Mit 31 Punkten teilen sich Bruno Spengler und Martin Tomczyk den fünften Rang in der Gesamtwertung - doch so ähnlich ihre derzeitige Position auch erscheinen mag: ihre Barcelona-Rennen hätten unterschiedlicher nicht ablaufen können. Tomczyk beschäftigte sich über 50 Runden lang mit Bernd Schneider, während für Spengler schon nach wenigen Runden Endstation war und die Reise nach Spanien nichts Zählbares mehr brachte.

"Ich lag hinter Prémat, der ist in der zweiten Kurve immer eine sehr weite Linie gefahren und hat so Kies aufgeschleudert", berichtete der Kanadier über die Entstehung seines Ausscheidens.
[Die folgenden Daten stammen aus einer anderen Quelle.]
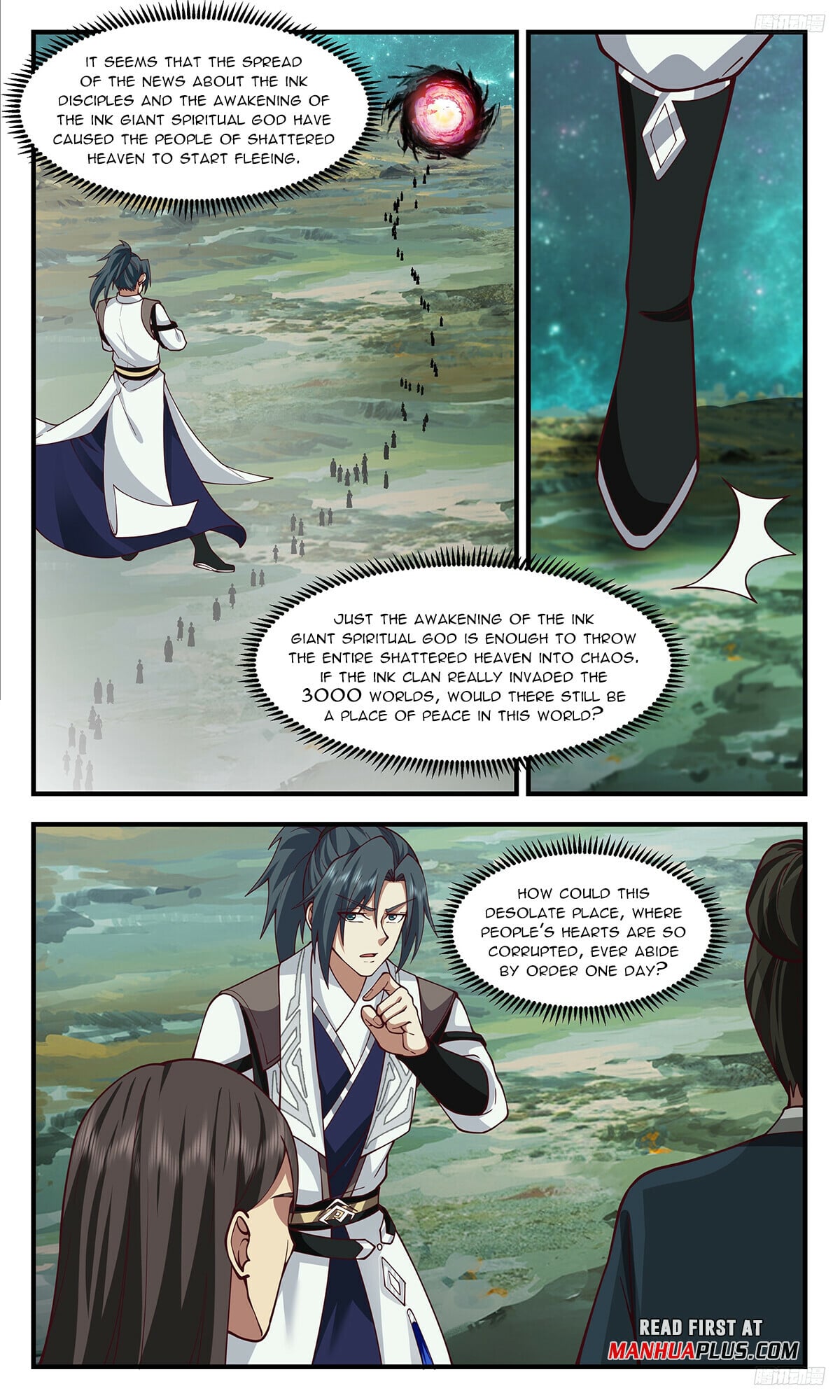 Martial Peak - chapter-3320 - Page 9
Mindestens ein Stein trat dabei so ungünstig in sein Auto ein, dass es einen Kühler zerschlug und die Motortemperatur immer weiter anstieg. "An die Meisterschaft muss ich nun nicht mehr denken. Ich werde trotzdem weiter einen guten Job machen, vielleicht hole ich noch einen Sieg und dann schauen wir mal, wie es nach Hockenheim aussieht."

Spengler + Tomczyk = Scheider

Während der Mercedes-Mann schon an der Box schmollte, erlebte sein Kollege aus dem Lager der Ingolstädter ein spannendes Rennen, welches ihm vor allem Bernd Schneider versüßte. "Nach zehn Runden sind wir aber die selben Zeiten gefahren. Zuvor hatte ich in den schnellen Kurven Vorteile, bis meine Hinterreifen mehr abgebaut haben, als die der Mercedes-Fahrer", so Tomczyk im Gespräch mit dem adrivo Motorsport Magazin. Von dort an schwanden die Chancen des Audianers von Runde zu Runde: "Die letzten fünf Runden war Mercedes schneller. Sie hatten einfach mehr Traktion als wir, was sich besonders im dritten Sektor auswirkt. Dort haben wir viel Zeit liegen lassen."
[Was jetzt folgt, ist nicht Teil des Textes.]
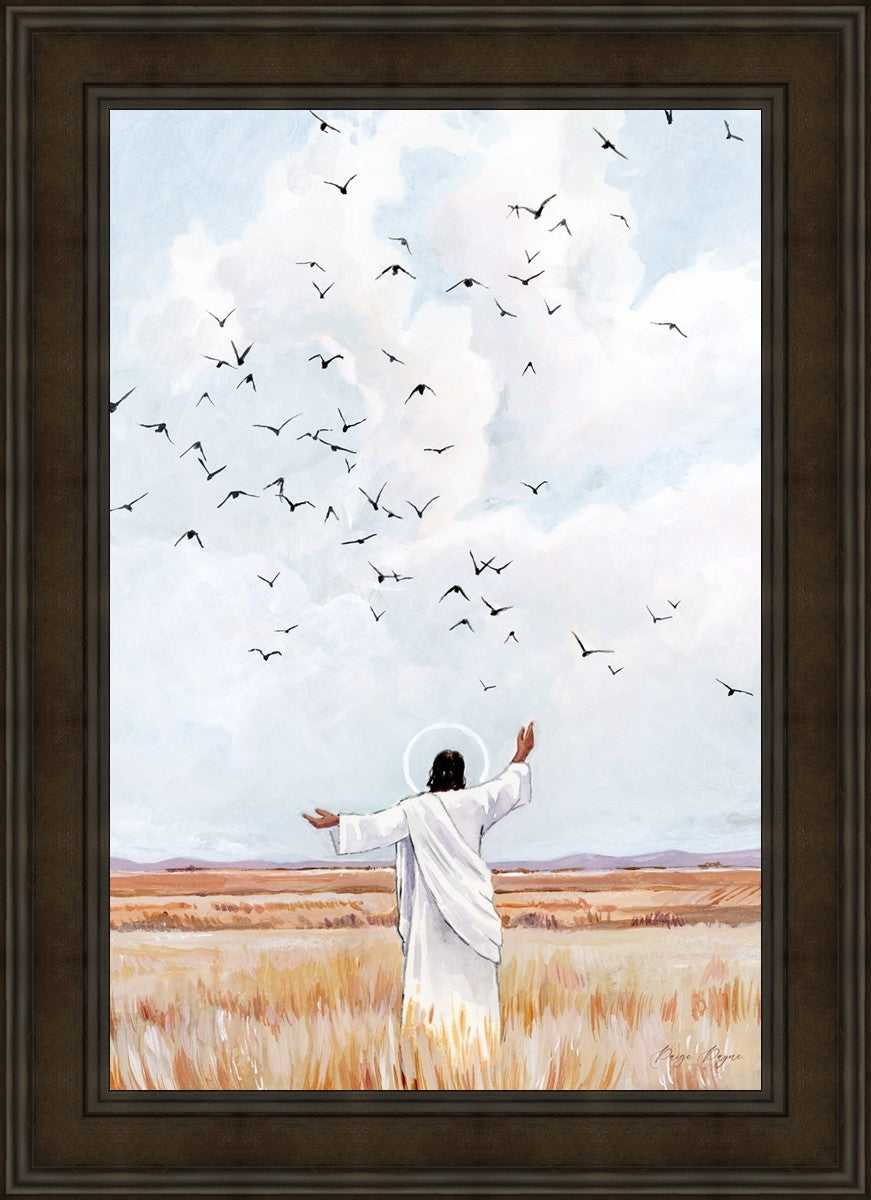 Consider The Birds in The Sky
Nach neun Rennen kommen Spengler und Tomczyk auf nun 31 Zähler - Tabellenführer Timo Scheider hat mittlerweile einen doppelt so hohen Punktestand. Während sich der Rosenheimer schon oft in den Dienst seiner Teamkollegen stellte, betritt Spengler Neuland. "Mein Ziel ist es zunächst, so weit wie möglich nach vorne zu fahren. Wenn dann die Situation kommt, jemandem zu helfen, werde ich das gerne machen", so der AMG-Pilot. "Die Meisterschaft hängt nicht von einem einzelnen Fahrer ab, sondern von der ganzen Mannschaft hinter ihm."